# B2M in Italy



## Ejka (Aug 3, 2010)

I've recently returned from my vacation in Italy and since I wasn't able to find any useful info on B2M in Italy prior to my departure, I thought it would be useful to share my experience.
  The counters (I've checked the ones in Coin department stores in Venice and Florence) do not accept empties – no surprise there. However, I was able to B2M at the MAC store in Bologna and the MAC PRO in Milan. I didn't visit any other MAC stores (I believe it's just one more in Rome), but my guess is that it follows the same policy. 
  The majority of my empties were pots from depotted shadows (without the stickers at the bottom) and the MUA  in both stores were completely fine with it – they didn't even look twice. They also do not have a limit on the number of empties you want to exchange (I had no problem returning 30 with a single purchase). The only downside is that – as in other European countries – you can only B2M for lipsticks from the permanent line (no LE even if it's in the regular black packaging, no glosses, e/s etc.). 
  I was surprised to find some discontinued products such as chartru paint, birchbark ccb, pink ccb
	

	
	
		
		

		
			








 etc.
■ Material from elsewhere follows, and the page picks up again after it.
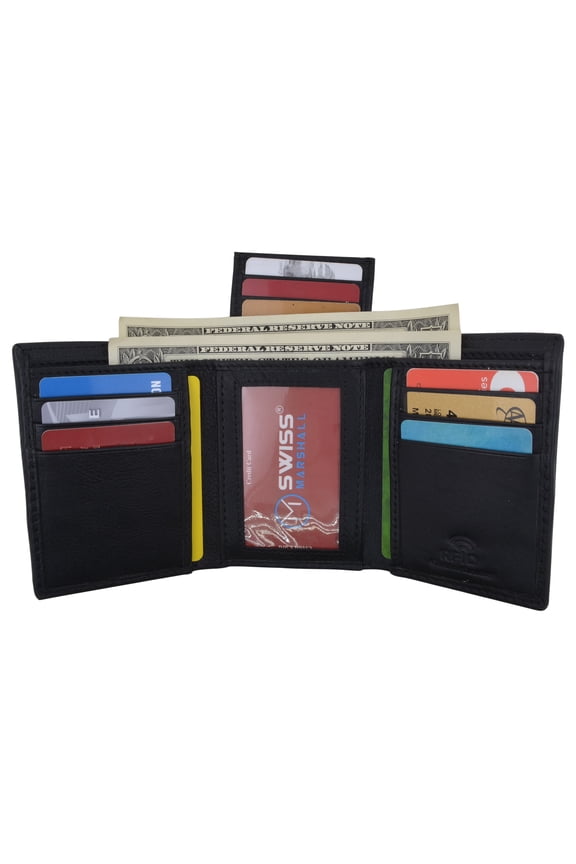 Men's Wallet RFID Genuine Leather Trifold with ID Window and Removable Card Slots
I was also impressed by the amount of LE items they receive – although In the Groove had been out for several weeks, all the stores and counters still had Stereo Rose (which is quite unthinkable to someone who is used to LE selling out in the matter of hours)! The prices are similar to German, but slightly steeper (approximately 1 Euro per product
	

	
	
		
		

		
		
	


	




).


----------



## Alty (Oct 14, 2010)

I know this Thread is super-old but I wanted to add a few more infos since I live in Italy.
  	My local MAC counter (Coin in Naples) does B2M, and they told me you can choose any lipstick except for Viva Glam ones (for obvious reasons 
	

	
	
		
		

		
		
	


	




 ), but I didn't ask specifically about the LE.

  	There's also another MAC store in Milan (not pro), one in Rome as you said and…I believe they're all. There are a few more counters in other cities though, but Coin counters don't get all the LE stuff. 

  	I think LE products are starting to sell out very quickly here too, bloggers and youtubers are really spreading the word and Venomous Villains products were sold out just a few hours after the store opening, they didn't even have the time to set the displays.


----------



## RepettoFlats (Sep 21, 2011)

I live in Pisa and my nearest MAC counter is in Florence (at the Coin department store). Theydo B2M, but only for lipsticks on the permanent line (no LE, even if it's the regular packaging, and no eyeshadows). I used a few pots from depotted eyeshadows to B2M and didn't have any problems.
  	The only items I've seen being sold out in like minutes were the mineralize bronzers from the Wonder Woman collection... I arrived at the store at the day of the release, they were already sold out at 3PM O.O


----------